> TO DO
Return exactly the lines of the data below, from the one that contains "Gran leiomioma distorsionando" through the final line, and leave out every picture.

─── DATA RECORDS

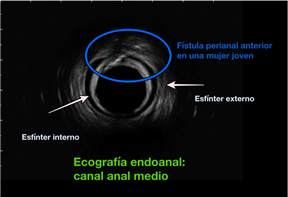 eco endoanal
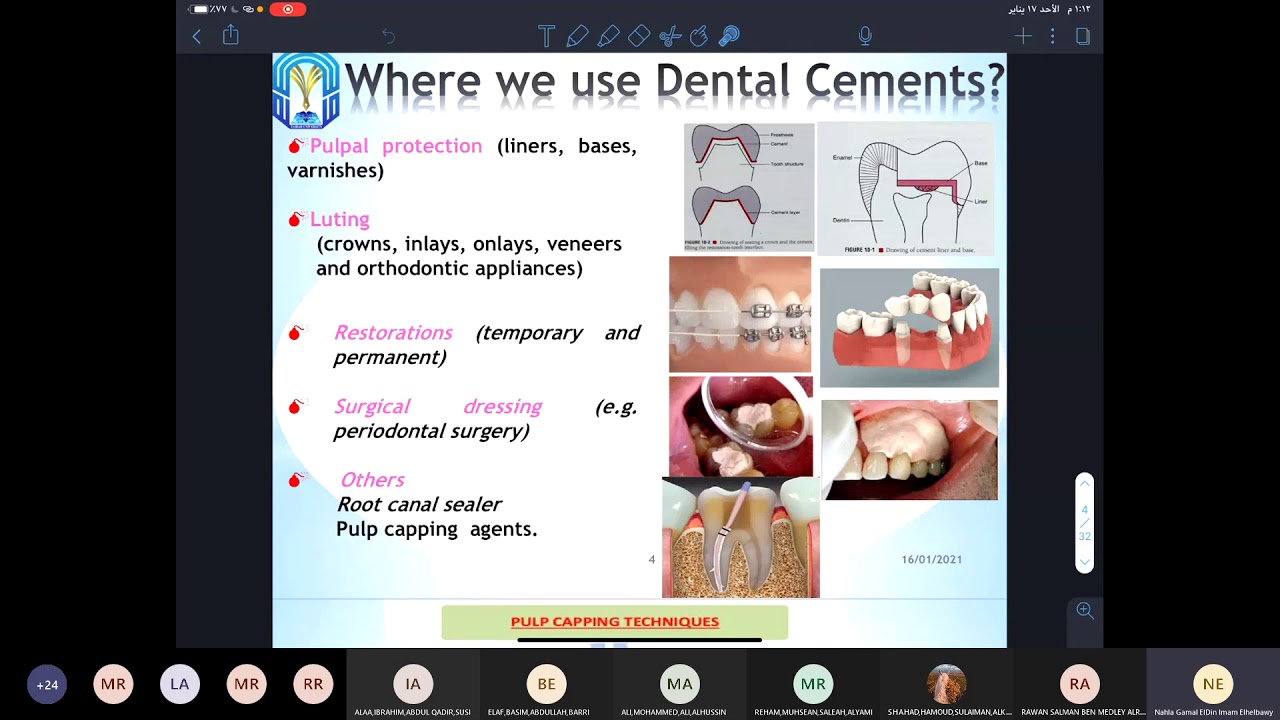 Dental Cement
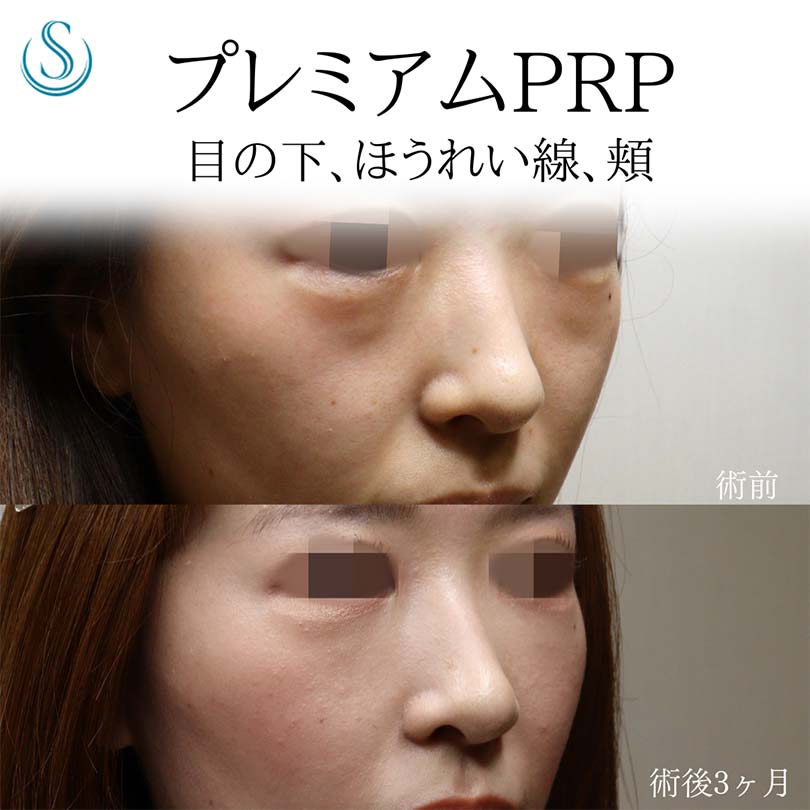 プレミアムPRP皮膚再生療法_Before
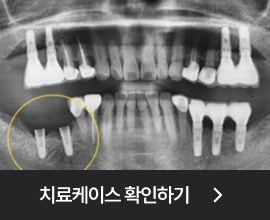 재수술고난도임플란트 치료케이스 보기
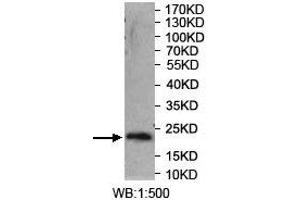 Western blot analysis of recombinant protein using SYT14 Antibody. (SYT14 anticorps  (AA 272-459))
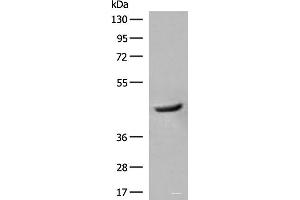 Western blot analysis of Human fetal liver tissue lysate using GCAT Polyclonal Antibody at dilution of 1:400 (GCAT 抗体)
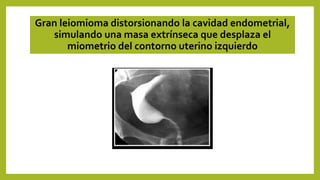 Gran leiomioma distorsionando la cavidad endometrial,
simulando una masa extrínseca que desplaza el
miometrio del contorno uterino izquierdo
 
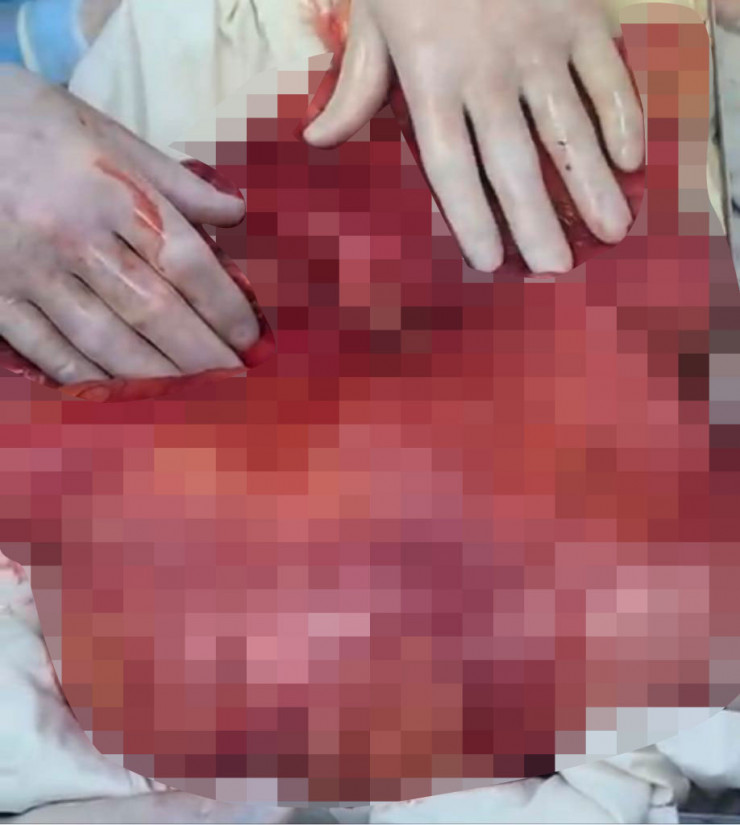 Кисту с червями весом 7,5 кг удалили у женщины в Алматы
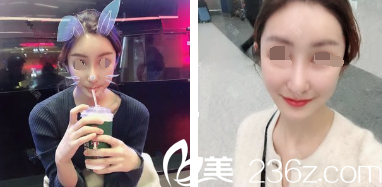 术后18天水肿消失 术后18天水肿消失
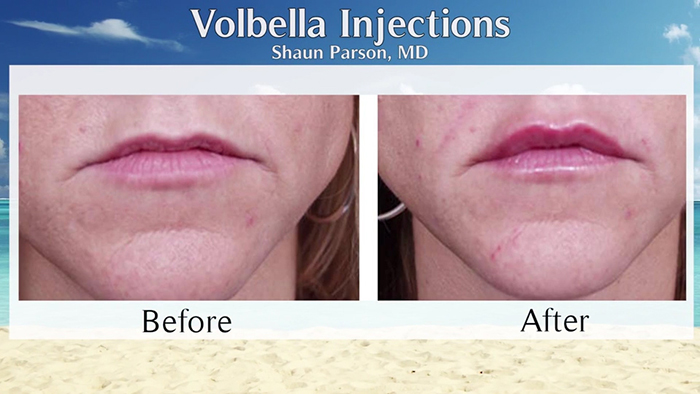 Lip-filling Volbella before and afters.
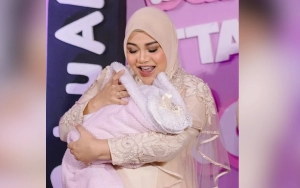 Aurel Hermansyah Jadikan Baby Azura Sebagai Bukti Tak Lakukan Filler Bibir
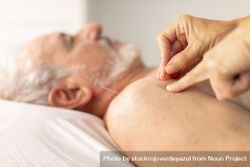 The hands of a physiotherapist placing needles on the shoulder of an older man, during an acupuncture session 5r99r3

──────

> YOUR SOLUTION
 Gran leiomioma distorsionando la cavidad endometrial,
simulando una masa extrínseca que desplaza el
miometrio del contorno uterino izquierdo
 
 Кисту с червями весом 7,5 кг удалили у женщины в Алматы
 术后18天水肿消失 术后18天水肿消失
 Lip-filling Volbella before and afters.
 Aurel Hermansyah Jadikan Baby Azura Sebagai Bukti Tak Lakukan Filler Bibir
 The hands of a physiotherapist placing needles on the shoulder of an older man, during an acupuncture session 5r99r3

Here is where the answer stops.